Prestatie en werkdruk liggen voor sommigen te hoog. Flexibiliteit geeft ruimte, maar maakt de toekomst ook onzeker en kan spanning met zich meebrengen. Mensen met een beperking of met gezondheidsproblemen vallen eerder uit. We leven niet van en voor het nut alleen.

Wind en aarde
In het scheppingsverhaal wordt verteld hoe God de mens neemt uit de aarde en hem zijn levensadem in de neus blaast.

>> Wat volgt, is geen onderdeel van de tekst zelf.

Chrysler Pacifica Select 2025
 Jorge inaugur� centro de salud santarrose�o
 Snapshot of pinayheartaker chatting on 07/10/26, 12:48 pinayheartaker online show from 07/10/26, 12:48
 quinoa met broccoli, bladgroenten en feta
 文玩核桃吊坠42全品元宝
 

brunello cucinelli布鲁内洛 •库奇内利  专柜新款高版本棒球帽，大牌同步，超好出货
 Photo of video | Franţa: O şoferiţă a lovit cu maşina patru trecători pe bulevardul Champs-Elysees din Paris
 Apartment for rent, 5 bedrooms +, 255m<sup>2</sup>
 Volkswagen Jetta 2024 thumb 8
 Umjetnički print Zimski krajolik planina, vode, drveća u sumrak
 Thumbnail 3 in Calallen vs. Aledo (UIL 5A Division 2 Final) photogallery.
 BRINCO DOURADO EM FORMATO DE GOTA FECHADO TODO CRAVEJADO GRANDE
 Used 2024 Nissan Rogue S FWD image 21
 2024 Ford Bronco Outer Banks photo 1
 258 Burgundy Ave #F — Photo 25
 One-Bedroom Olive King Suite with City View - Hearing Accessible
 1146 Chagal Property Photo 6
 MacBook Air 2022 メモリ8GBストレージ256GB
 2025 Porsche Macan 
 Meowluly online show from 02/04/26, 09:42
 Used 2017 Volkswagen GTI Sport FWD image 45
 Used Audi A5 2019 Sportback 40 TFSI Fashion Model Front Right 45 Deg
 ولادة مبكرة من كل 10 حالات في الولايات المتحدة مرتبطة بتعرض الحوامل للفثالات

Wij zijn van aarde, van stof gemaakt, wij zijn gebonden aan de aarde, we mogen zorg voor haar dragen, maar dat lukt alleen als wij leven op Gods adem.
Het beeld van Gods adem vindt in het pinksterfeest zijn voltooiing: daar groeit ze uit tot een hevige wind waarop we ons mogen laten drijven.
Deze beelden maken ons duidelijk dat de zorg voor de aarde, (inclusief voor onszelf) niet lukt als we denken alles zelf te kunnen, of als we overal greep op willen hebben, alles willen controleren. Dan knijpen we de bezieling, de geestdrift eruit. Ons mee laten nemen op Gods adem vraagt ontvankelijkheid: voor het onverwachte, het elementaire, het essentiële van ons bestaan.

Water en vuur
Om dat te blijven kunnen of opnieuw te kunnen is het soms goed de dagelijkse ernst en besognes even los te laten, de touwtjes te laten vieren. Dan ontdek je dat opsmuk en zekerheden soms schone schijn zijn en ons afleiden van wat er in het leven echt toe doet.
Wie zich daarvan schoon wast, zuivert, wordt op zichzelf terug geworpen, maar zal in het water van het leven niet kopje onder gaan. Die komt zo ook het wezenlijke op het spoor. En wat doet er dan echt toe?

Vuur!
Onze diepste verlangens, dat wat ons drijft wat ons echt gelukkig maakt en aanvuurt tot daadkracht en geestdrift, wat in ons brandt als de glans van ons bestaan: onze liefde, onze kinderen, ons engagement met de wereld, onze inzet tegen wat krom is en voor wat recht is. God zelf:

de Geest van God is als een vuur,
als vlammen felbewogen,
verterend wat aan onrecht leeft,
een gloed vol mededogen.
Een vonk van hoop in onze nacht,
een wenkend licht dat op ons wacht,
een warmt’ in hart en ogen.

In ons element
Laten we maar even uit de tredmolen van ons werk en onze (vrijwillige) bezigheden stappen om ruimte te maken voor de elementen: de voeten in het water, de zon op de rug, de schep in de aarde en de wind om ons hoofd. Water en vuur, aarde en wind, ze vertegenwoordigen de essentie van ons mensenbestaan: bij onszelf, bij elkaar en bij God.
Dat we er ten volle van mogen genieten, voor niets. In ons element!